Governors and presidents often have appointed judges whom they thought had philosophies like theirs, but who ruled contrary to expectations. President Lincoln appointed Salmon P. Chase as chief justice primarily to uphold the constitutionality of the greenback legislation, which Chase drafted to finance the Union in the Civil War. Lincoln confided, “We wish for a chief justice who will sustain what has been done in regard to emancipation and the legal tenders. We cannot ask a man what he will do, and if we should, and he should answer us, we should despise him for it. Therefore, we must take a man whose opinions are known.”

When Chief Justice William H. Rehnquist provides this quotation of Lincoln in “The Supreme Court, How It Was, How It Is” (Morrow 1987), he comments, “It may well be that if Lincoln had actually posed the question to him before nominating him as chief justice, he would have agreed that the measures were constitutional. But administrators in charge of a program, even if they are lawyers, simply do not ponder these questions in the depth that judges do. . . “ Chase found the act unconstitutional.

Supreme Court Justice Harry Blackmun, who authored the Roe v. Wade right-to-abortion decision, is a more recent example of a judge who surprised and disappointed the president who appointed him. Judges have braved public outcry and even threat of physical harm. Judge Learned Hand of New York upheld as free speech conduct challenged as sedition in wartime. U.S. District Judge Frank Johnson of Alabama struck down segregationist statutes despite death threats.

As early as 1872, the U.S. Supreme Court recognized it was “a general principle of the highest importance to the proper administration of justice that a judicial officer . . . be free to act upon his own convictions, without apprehension of personal consequences to himself.”
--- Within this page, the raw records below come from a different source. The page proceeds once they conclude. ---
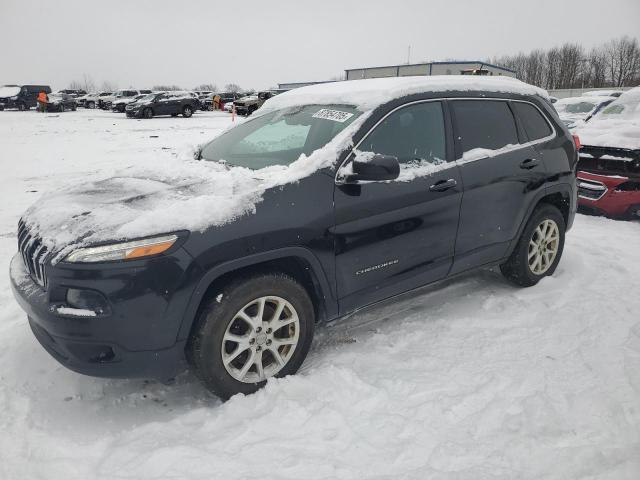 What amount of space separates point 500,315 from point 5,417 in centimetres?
344

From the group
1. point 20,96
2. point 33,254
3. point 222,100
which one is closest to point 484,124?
point 33,254

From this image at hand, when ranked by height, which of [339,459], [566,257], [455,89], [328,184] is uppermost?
[455,89]

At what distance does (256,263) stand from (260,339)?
46 cm

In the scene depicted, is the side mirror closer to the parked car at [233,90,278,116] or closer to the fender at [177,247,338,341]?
the fender at [177,247,338,341]

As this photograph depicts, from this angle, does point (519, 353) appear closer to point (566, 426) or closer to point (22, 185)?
point (566, 426)

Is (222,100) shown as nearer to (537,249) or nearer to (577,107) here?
(577,107)

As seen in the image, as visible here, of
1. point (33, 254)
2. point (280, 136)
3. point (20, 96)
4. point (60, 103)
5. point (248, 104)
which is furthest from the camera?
point (20, 96)

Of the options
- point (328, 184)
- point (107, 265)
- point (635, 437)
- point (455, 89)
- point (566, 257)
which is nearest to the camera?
point (107, 265)

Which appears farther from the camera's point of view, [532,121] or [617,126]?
[617,126]

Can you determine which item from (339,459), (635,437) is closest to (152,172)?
(339,459)

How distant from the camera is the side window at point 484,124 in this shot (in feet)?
11.7

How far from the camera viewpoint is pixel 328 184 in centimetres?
282

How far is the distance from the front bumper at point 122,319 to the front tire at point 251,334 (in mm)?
164

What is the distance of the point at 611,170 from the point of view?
654cm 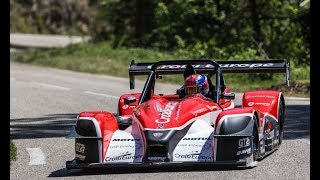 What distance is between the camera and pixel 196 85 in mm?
12273

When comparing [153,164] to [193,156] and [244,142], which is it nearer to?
[193,156]

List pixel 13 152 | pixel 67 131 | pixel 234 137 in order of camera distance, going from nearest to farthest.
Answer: pixel 234 137
pixel 13 152
pixel 67 131

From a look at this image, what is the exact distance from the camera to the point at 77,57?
35750 mm

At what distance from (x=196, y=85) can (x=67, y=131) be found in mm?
3893

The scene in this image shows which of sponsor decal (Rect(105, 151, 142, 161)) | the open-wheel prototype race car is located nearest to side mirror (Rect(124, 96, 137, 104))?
the open-wheel prototype race car

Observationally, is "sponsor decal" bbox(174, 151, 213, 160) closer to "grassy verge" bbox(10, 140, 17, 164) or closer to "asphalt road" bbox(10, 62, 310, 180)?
"asphalt road" bbox(10, 62, 310, 180)

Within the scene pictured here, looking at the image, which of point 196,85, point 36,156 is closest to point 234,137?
point 196,85

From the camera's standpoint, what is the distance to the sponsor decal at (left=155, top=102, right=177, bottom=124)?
439 inches

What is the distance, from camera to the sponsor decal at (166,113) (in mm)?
11160

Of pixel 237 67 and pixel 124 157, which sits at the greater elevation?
pixel 237 67

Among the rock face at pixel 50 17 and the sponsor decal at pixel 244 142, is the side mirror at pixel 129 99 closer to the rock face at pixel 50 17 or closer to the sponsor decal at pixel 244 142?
the sponsor decal at pixel 244 142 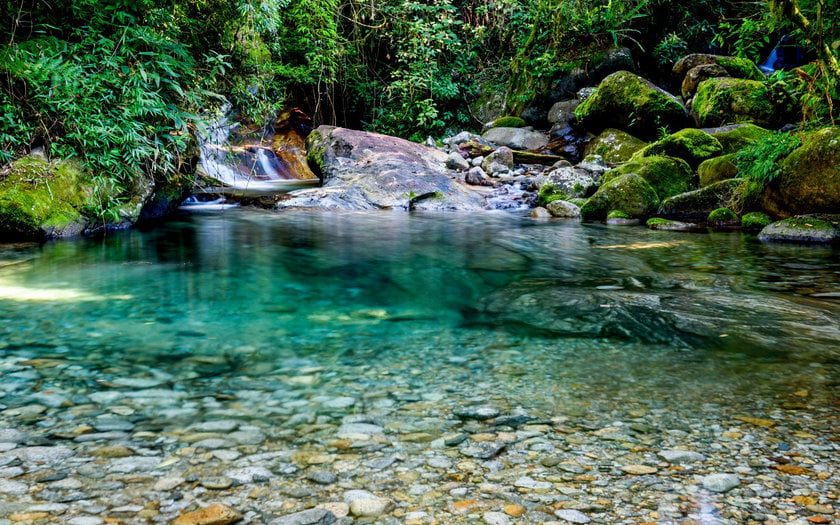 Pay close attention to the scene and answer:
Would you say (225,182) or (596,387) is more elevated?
(225,182)

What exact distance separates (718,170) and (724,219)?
1.15 metres

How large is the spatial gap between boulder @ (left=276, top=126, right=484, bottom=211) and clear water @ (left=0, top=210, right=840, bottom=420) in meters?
4.36

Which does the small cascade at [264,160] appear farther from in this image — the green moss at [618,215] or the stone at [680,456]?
the stone at [680,456]

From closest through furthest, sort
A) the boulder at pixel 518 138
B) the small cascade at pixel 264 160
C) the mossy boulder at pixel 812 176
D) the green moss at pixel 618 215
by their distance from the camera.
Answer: the mossy boulder at pixel 812 176, the green moss at pixel 618 215, the small cascade at pixel 264 160, the boulder at pixel 518 138

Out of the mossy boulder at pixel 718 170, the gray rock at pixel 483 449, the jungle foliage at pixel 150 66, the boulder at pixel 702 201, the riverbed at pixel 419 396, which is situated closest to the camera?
the riverbed at pixel 419 396

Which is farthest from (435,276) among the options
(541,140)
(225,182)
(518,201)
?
(541,140)

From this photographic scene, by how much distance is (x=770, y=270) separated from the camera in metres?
5.51

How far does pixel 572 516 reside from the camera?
1.59m

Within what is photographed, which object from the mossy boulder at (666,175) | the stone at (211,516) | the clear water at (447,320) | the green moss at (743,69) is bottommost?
the stone at (211,516)

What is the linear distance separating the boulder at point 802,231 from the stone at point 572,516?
706 centimetres

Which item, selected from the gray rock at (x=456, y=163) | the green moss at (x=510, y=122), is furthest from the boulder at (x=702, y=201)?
the green moss at (x=510, y=122)

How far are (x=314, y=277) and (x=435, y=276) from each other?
1.11 metres

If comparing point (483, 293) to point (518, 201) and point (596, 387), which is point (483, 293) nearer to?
point (596, 387)

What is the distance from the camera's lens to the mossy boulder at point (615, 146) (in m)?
13.6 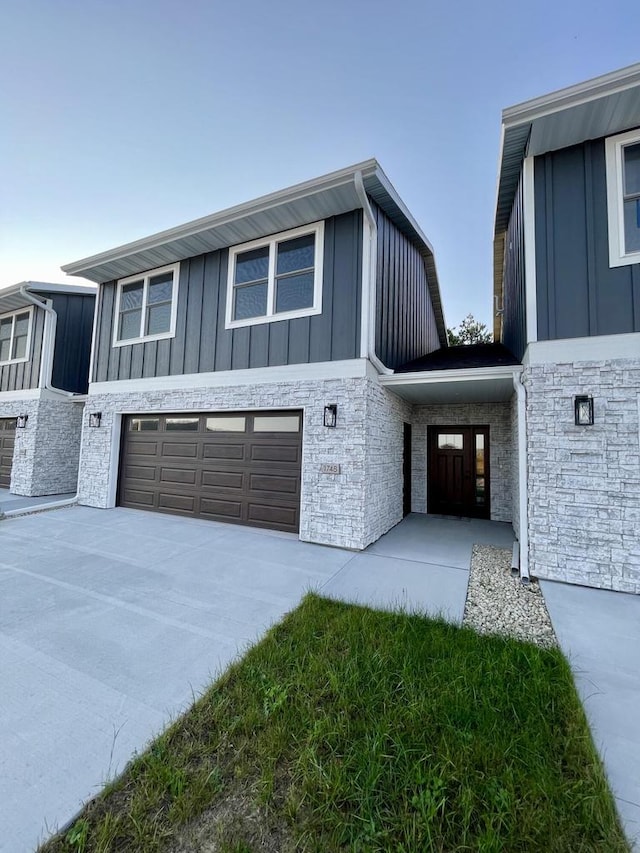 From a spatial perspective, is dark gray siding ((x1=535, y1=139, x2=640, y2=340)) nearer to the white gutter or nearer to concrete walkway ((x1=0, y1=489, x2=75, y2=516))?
concrete walkway ((x1=0, y1=489, x2=75, y2=516))

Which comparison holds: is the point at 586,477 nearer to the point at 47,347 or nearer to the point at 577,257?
the point at 577,257

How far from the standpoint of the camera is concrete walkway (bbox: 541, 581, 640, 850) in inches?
74.0

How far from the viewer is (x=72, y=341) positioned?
10586mm

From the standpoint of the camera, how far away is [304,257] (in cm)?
634

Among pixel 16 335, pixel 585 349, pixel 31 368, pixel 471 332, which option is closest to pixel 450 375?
pixel 585 349

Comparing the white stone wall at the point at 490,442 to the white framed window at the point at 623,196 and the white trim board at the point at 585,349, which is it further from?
the white framed window at the point at 623,196

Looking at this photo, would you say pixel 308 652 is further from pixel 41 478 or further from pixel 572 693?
pixel 41 478

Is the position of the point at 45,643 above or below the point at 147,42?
below

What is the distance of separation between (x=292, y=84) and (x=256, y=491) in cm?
892

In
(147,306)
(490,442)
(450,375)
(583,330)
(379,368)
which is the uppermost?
(147,306)

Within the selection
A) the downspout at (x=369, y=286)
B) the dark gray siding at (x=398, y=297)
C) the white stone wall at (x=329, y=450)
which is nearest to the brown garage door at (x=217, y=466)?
the white stone wall at (x=329, y=450)

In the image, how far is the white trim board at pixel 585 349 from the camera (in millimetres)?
4309

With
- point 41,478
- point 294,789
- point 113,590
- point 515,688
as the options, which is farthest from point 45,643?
point 41,478

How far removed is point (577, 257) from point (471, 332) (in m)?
22.7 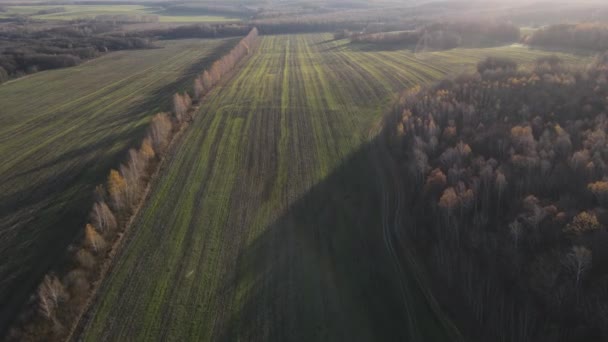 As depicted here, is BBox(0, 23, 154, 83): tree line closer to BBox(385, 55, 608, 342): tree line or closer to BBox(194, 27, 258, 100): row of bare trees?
BBox(194, 27, 258, 100): row of bare trees

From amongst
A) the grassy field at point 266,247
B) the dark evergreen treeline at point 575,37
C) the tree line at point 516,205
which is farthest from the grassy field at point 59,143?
the dark evergreen treeline at point 575,37

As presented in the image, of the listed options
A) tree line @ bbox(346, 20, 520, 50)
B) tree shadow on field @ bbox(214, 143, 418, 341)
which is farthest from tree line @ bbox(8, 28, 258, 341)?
tree line @ bbox(346, 20, 520, 50)

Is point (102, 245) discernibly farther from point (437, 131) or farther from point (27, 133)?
point (27, 133)

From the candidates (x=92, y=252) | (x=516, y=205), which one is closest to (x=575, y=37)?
(x=516, y=205)

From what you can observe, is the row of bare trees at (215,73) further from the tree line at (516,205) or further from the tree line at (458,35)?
the tree line at (458,35)

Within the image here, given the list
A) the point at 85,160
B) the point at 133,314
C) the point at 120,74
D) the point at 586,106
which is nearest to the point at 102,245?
the point at 133,314

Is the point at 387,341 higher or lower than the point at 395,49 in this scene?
lower
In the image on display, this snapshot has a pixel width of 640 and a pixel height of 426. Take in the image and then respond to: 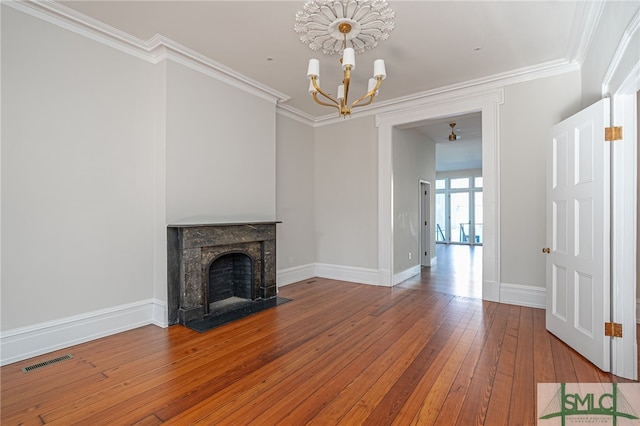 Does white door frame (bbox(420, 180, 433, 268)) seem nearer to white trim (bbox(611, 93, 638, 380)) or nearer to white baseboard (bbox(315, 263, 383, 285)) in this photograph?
white baseboard (bbox(315, 263, 383, 285))

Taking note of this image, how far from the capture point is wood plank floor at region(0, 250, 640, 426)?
198 cm

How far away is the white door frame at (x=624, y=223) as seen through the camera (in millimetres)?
2389

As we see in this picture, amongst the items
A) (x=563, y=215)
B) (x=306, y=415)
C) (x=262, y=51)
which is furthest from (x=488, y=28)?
(x=306, y=415)

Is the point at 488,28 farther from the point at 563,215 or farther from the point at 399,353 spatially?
the point at 399,353

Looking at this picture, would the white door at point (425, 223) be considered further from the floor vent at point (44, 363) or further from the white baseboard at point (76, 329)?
the floor vent at point (44, 363)

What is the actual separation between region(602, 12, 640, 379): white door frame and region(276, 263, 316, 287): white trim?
4.22 meters

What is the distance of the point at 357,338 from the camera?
10.4ft

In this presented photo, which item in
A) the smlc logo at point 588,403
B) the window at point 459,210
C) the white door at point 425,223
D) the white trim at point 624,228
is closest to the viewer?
the smlc logo at point 588,403

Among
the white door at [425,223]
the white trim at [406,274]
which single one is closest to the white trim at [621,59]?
the white trim at [406,274]

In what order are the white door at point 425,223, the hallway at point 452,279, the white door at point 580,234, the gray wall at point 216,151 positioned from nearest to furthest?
the white door at point 580,234 < the gray wall at point 216,151 < the hallway at point 452,279 < the white door at point 425,223

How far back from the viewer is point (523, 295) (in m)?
4.18

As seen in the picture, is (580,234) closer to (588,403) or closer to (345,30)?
(588,403)

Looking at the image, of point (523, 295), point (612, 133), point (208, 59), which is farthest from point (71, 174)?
point (523, 295)

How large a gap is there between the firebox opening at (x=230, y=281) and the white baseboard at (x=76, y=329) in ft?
2.52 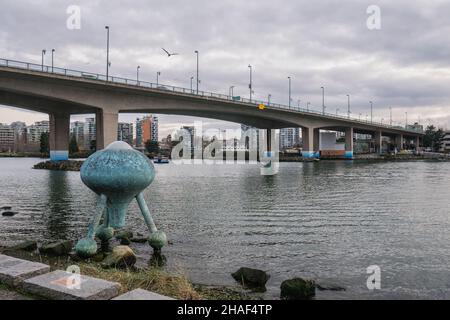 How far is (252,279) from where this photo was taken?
11062 millimetres

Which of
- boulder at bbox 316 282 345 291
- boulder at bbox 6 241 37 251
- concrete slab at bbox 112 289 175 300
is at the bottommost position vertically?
boulder at bbox 316 282 345 291

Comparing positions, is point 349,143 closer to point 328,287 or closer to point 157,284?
point 328,287

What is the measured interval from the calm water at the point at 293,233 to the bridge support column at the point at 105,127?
2996cm

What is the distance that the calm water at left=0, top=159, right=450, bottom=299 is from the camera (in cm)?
1200

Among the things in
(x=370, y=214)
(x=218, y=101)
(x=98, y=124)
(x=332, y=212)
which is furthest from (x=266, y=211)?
(x=218, y=101)

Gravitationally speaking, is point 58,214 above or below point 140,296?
below

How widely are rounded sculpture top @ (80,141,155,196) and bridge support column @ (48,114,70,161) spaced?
217 feet

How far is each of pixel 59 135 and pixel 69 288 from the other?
74184mm

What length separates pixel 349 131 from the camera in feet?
443

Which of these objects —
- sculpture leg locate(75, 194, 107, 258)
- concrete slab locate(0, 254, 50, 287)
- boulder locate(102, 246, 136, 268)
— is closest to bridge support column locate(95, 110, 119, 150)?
sculpture leg locate(75, 194, 107, 258)

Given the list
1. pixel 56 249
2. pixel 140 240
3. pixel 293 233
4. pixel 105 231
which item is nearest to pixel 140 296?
pixel 56 249

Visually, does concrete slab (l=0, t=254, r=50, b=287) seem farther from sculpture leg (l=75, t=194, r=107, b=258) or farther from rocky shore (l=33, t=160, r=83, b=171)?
rocky shore (l=33, t=160, r=83, b=171) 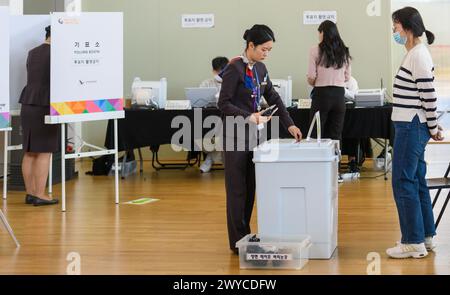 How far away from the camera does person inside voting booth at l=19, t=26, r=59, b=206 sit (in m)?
6.56

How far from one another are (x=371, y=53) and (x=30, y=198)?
4993 mm

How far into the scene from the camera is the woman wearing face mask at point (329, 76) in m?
7.24

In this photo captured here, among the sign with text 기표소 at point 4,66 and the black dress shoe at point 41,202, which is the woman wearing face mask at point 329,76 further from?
the sign with text 기표소 at point 4,66

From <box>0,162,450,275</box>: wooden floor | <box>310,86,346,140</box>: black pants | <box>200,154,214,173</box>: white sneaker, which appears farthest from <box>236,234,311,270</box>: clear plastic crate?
<box>200,154,214,173</box>: white sneaker

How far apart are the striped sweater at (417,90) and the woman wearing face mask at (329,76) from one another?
9.60 ft

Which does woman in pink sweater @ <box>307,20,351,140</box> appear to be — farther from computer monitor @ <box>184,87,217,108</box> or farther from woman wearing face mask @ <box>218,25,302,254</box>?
woman wearing face mask @ <box>218,25,302,254</box>

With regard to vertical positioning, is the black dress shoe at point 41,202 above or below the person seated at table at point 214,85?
below

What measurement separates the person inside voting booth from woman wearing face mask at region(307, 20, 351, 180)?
2411 mm

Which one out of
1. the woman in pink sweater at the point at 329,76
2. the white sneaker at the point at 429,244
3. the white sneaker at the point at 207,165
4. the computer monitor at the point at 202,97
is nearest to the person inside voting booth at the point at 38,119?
the computer monitor at the point at 202,97

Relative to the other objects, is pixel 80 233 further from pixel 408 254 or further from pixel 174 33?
pixel 174 33

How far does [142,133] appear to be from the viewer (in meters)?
8.27

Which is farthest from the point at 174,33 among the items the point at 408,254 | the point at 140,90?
the point at 408,254

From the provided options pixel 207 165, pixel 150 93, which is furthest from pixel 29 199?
pixel 207 165

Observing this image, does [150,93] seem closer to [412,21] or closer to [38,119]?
[38,119] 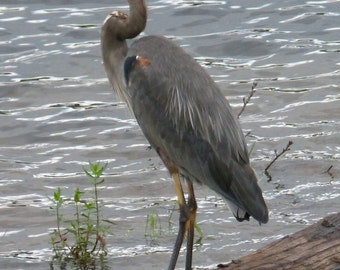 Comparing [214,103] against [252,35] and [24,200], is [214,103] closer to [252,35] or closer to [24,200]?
[24,200]

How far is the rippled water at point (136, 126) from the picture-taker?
729cm

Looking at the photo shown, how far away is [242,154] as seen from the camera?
19.4ft

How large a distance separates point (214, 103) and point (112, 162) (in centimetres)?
257

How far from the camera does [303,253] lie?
16.5 feet

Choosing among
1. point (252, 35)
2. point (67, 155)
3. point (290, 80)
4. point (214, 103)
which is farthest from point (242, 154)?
point (252, 35)

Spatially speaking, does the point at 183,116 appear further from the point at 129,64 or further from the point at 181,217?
the point at 181,217

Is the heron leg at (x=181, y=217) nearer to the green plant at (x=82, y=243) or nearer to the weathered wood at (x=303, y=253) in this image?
the green plant at (x=82, y=243)

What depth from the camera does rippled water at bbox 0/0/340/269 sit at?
7.29 metres

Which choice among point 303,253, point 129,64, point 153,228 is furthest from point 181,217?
point 303,253

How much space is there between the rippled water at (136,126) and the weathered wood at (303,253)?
161 cm

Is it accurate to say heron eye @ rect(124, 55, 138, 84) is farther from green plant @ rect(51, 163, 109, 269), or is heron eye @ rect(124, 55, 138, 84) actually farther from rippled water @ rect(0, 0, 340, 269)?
rippled water @ rect(0, 0, 340, 269)

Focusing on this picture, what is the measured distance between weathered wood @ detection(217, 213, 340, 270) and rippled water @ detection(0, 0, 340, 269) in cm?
161

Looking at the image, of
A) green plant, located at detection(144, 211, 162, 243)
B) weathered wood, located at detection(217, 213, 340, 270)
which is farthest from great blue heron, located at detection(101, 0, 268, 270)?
green plant, located at detection(144, 211, 162, 243)

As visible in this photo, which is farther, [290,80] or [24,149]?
[290,80] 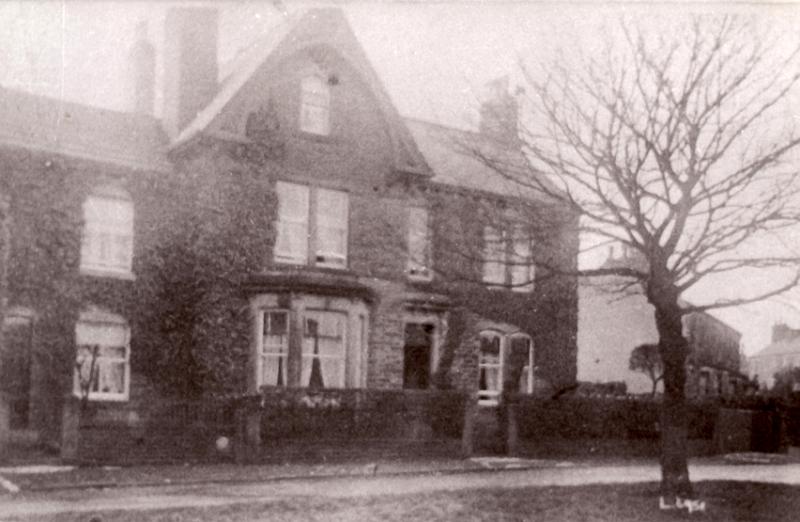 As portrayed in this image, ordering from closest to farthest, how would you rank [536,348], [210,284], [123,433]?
1. [123,433]
2. [210,284]
3. [536,348]

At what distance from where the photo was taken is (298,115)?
24797mm

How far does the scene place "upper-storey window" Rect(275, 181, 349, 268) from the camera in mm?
24766

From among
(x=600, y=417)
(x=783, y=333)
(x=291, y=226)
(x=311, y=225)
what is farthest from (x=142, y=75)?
(x=783, y=333)

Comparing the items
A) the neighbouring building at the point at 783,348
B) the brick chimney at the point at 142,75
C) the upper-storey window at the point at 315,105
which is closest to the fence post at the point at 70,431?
the upper-storey window at the point at 315,105

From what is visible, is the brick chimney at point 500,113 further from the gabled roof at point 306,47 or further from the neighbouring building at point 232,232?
the gabled roof at point 306,47

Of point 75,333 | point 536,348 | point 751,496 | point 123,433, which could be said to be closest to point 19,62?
point 123,433

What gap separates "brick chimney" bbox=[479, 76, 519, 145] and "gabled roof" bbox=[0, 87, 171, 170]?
9.27 m

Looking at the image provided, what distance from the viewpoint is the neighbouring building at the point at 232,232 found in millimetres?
22188

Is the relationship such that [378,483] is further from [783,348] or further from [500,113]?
[783,348]

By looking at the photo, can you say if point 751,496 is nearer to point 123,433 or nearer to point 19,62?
point 123,433

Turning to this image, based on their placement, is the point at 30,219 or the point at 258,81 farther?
the point at 258,81

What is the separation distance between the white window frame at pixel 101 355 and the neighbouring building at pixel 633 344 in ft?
71.6

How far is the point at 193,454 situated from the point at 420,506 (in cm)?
675

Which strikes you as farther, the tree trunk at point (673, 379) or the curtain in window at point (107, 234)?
the curtain in window at point (107, 234) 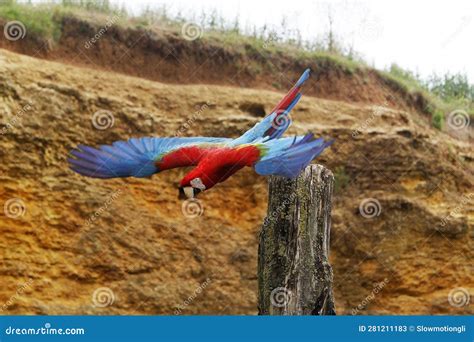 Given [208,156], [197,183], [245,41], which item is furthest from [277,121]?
[245,41]

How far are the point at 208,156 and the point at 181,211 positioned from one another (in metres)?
5.47

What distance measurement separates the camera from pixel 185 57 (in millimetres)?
12453

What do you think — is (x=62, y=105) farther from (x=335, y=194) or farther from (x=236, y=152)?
(x=236, y=152)

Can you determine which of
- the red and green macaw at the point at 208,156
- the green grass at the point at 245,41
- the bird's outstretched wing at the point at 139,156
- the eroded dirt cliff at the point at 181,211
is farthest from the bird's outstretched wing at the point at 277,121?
the green grass at the point at 245,41

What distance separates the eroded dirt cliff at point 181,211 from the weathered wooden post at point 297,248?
4.91 m

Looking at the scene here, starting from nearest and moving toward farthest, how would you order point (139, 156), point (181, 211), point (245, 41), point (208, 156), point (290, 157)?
point (290, 157)
point (208, 156)
point (139, 156)
point (181, 211)
point (245, 41)

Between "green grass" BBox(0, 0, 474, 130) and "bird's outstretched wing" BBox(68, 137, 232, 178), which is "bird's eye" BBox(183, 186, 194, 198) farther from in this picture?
"green grass" BBox(0, 0, 474, 130)

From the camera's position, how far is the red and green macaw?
459 cm

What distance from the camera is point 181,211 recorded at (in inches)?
416

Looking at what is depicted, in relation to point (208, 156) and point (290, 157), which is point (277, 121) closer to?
point (208, 156)

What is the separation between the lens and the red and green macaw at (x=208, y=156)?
459cm

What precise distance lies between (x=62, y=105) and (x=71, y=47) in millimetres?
1790

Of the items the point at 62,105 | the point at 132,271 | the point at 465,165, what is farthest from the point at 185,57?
the point at 465,165

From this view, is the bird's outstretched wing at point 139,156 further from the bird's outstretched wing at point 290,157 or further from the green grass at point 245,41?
the green grass at point 245,41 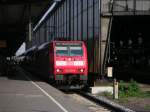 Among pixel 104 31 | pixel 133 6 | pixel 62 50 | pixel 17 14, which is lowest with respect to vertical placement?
pixel 62 50

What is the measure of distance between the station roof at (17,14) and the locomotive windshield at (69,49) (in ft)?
70.6

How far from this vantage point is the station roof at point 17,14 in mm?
58659

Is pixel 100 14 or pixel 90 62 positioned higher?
pixel 100 14

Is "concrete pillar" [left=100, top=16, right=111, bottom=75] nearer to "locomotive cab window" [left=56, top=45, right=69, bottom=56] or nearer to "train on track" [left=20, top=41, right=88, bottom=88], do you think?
"train on track" [left=20, top=41, right=88, bottom=88]

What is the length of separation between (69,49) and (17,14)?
39.8 metres

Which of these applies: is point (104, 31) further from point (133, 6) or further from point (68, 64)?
point (68, 64)

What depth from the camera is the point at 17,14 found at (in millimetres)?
73250

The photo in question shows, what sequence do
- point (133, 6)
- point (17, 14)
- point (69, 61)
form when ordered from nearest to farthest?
1. point (69, 61)
2. point (133, 6)
3. point (17, 14)

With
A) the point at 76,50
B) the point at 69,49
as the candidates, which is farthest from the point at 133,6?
the point at 69,49

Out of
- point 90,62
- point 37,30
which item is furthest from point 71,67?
point 37,30

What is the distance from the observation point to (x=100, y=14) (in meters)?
41.3

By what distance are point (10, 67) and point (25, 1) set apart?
793cm

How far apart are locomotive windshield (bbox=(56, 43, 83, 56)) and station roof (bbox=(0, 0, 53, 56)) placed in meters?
21.5

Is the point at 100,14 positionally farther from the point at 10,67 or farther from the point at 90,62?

California laws promote judicial independence. An anti-bias statute requires: “A judge shall be disqualified if . . . a person aware of the facts might reasonably entertain a doubt that the judge would be able to be impartial.” Based upon this statute, Davis may have hindered his appointees in hearing death penalty, abortion, and gay rights cases to the extent he sought agreement from them on these issues.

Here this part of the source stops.